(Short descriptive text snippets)
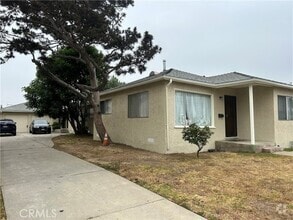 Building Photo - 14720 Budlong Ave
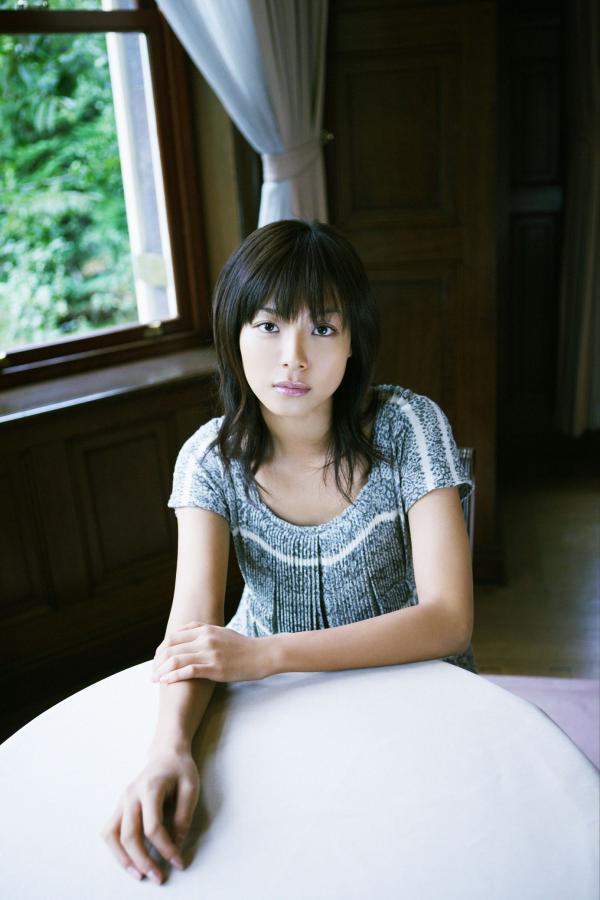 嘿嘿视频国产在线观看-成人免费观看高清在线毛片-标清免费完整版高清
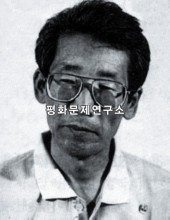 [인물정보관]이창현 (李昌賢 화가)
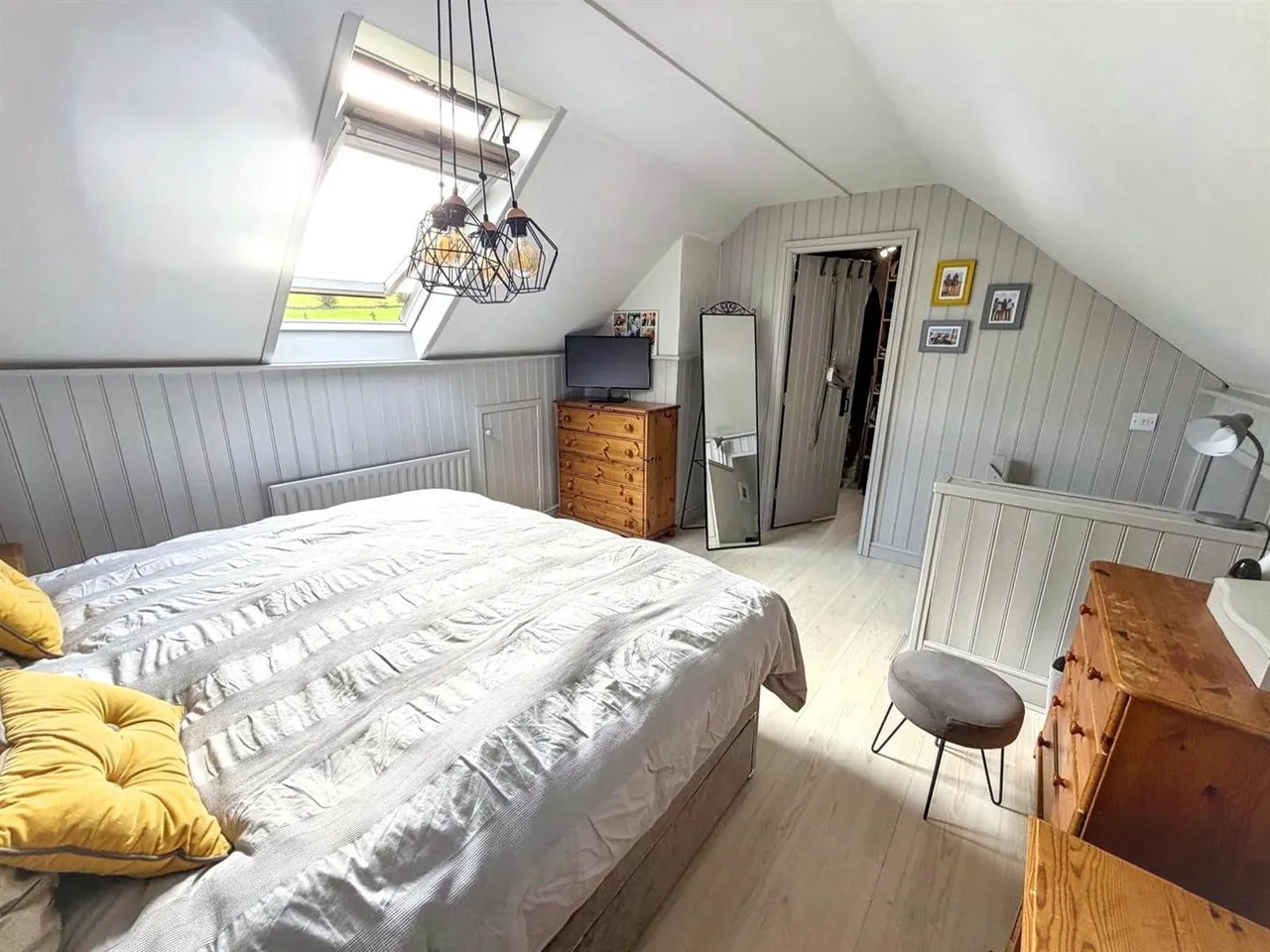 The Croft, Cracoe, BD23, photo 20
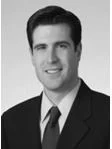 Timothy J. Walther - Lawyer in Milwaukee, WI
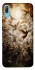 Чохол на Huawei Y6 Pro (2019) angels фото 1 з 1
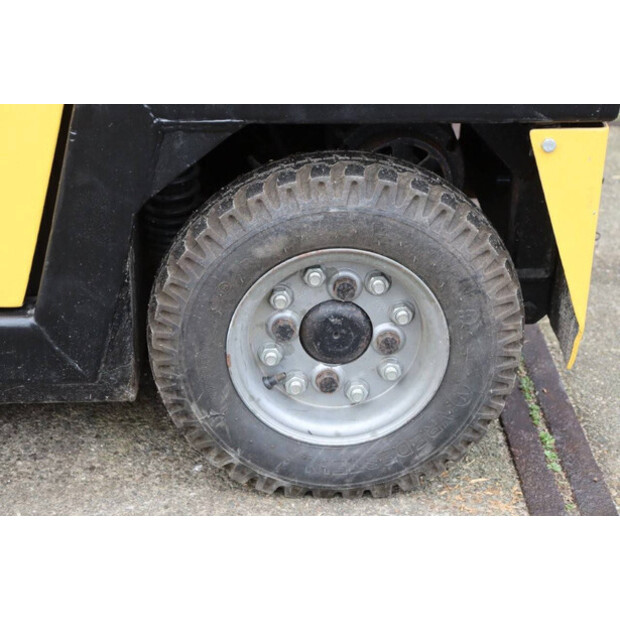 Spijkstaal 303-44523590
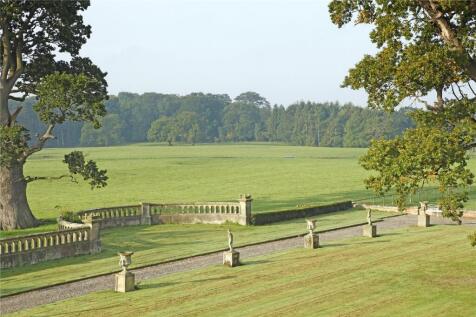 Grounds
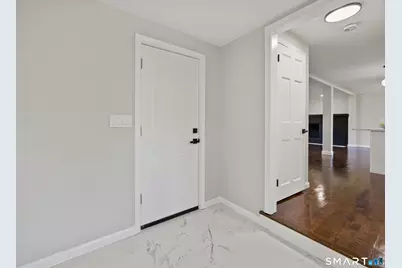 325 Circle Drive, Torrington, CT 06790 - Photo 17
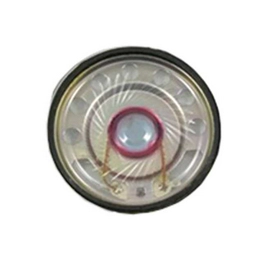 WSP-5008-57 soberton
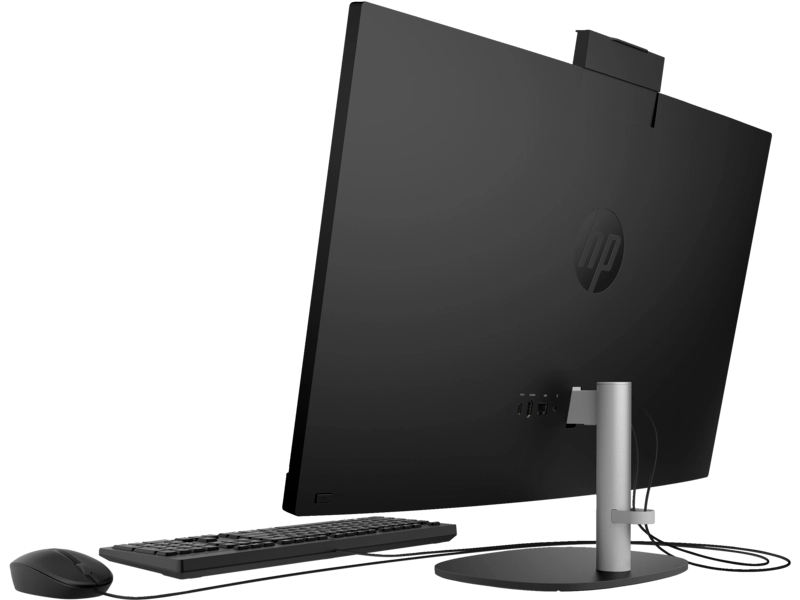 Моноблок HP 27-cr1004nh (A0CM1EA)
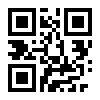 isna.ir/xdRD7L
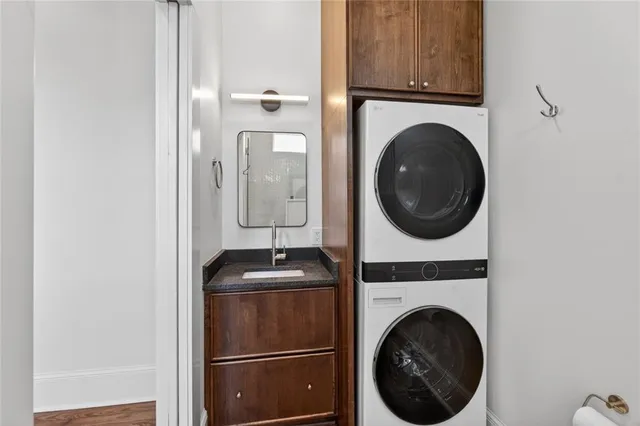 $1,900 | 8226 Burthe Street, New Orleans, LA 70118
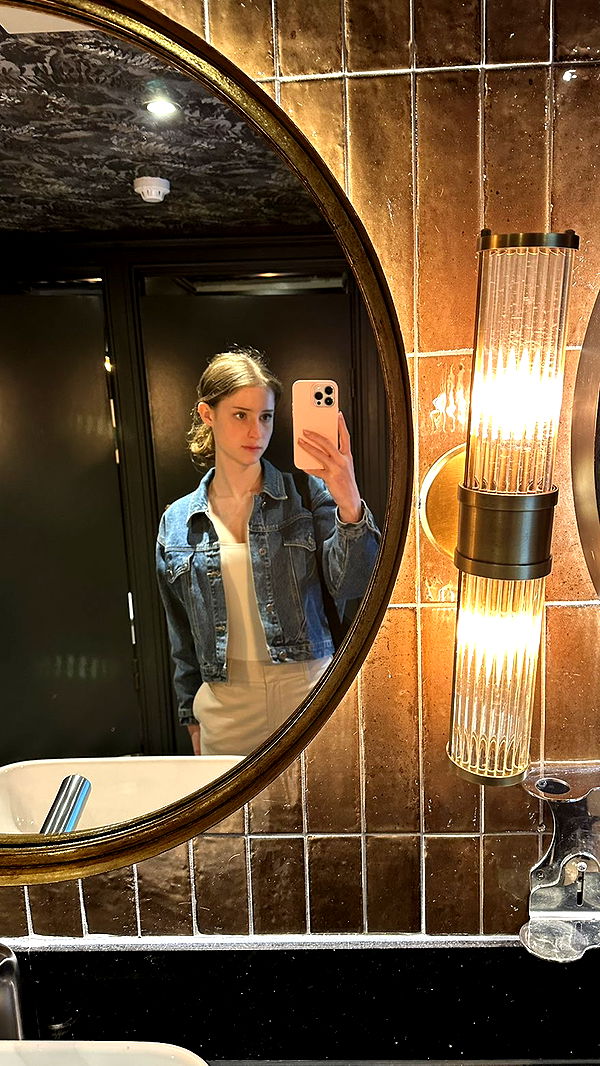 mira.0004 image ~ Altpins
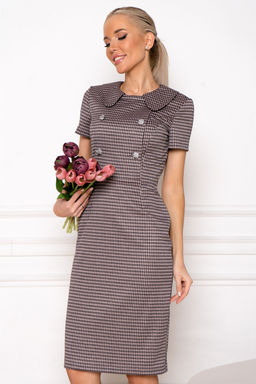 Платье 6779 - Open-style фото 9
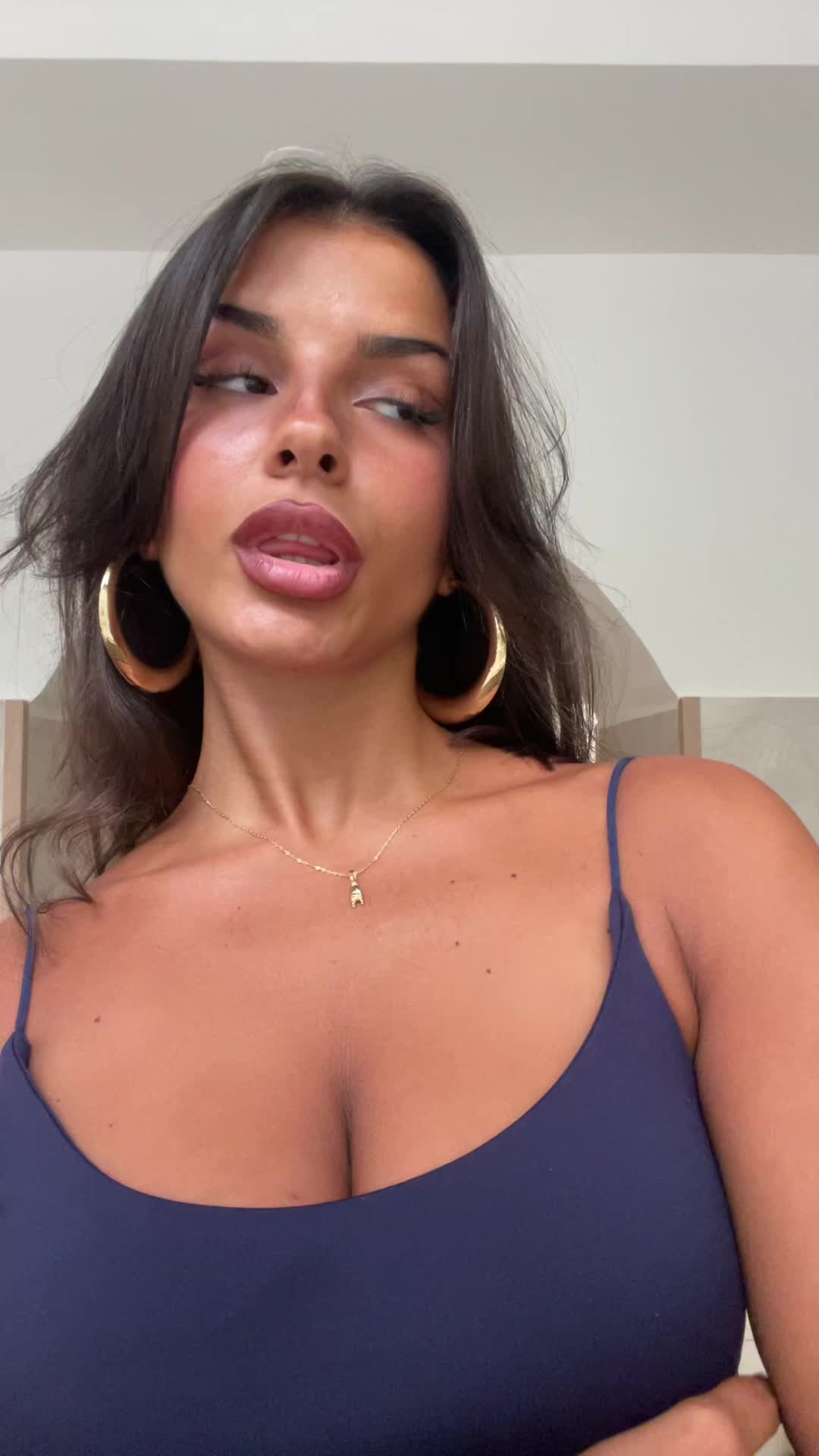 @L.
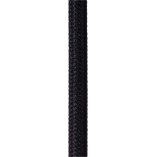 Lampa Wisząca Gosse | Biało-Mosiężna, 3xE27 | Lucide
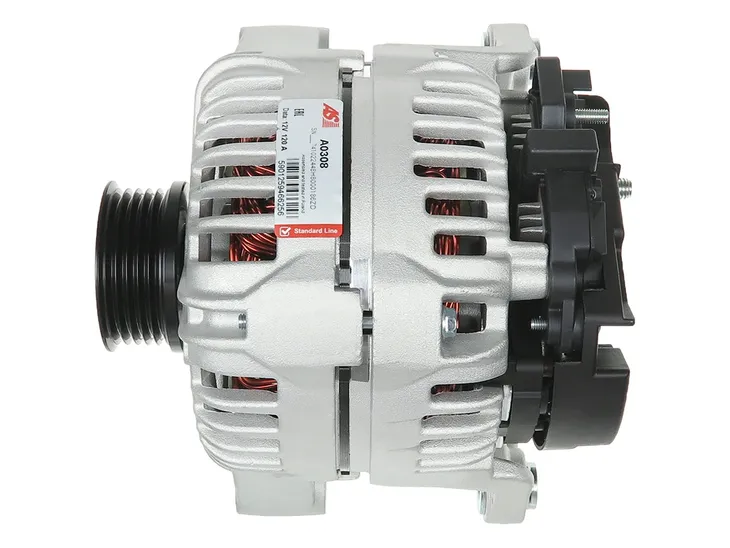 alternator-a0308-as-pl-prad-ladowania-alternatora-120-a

** What is required **
Word for word, retype the lines from the one that contains "Spijkstaal 303-44523590" through the final line of the data, both ends included, excluding pictures.

** Output of the task **
 Spijkstaal 303-44523590
 Grounds
 325 Circle Drive, Torrington, CT 06790 - Photo 17
 WSP-5008-57 soberton
 Моноблок HP 27-cr1004nh (A0CM1EA)
 isna.ir/xdRD7L
 $1,900 | 8226 Burthe Street, New Orleans, LA 70118
 mira.0004 image ~ Altpins
 Платье 6779 - Open-style фото 9
 @L.
 Lampa Wisząca Gosse | Biało-Mosiężna, 3xE27 | Lucide
 alternator-a0308-as-pl-prad-ladowania-alternatora-120-a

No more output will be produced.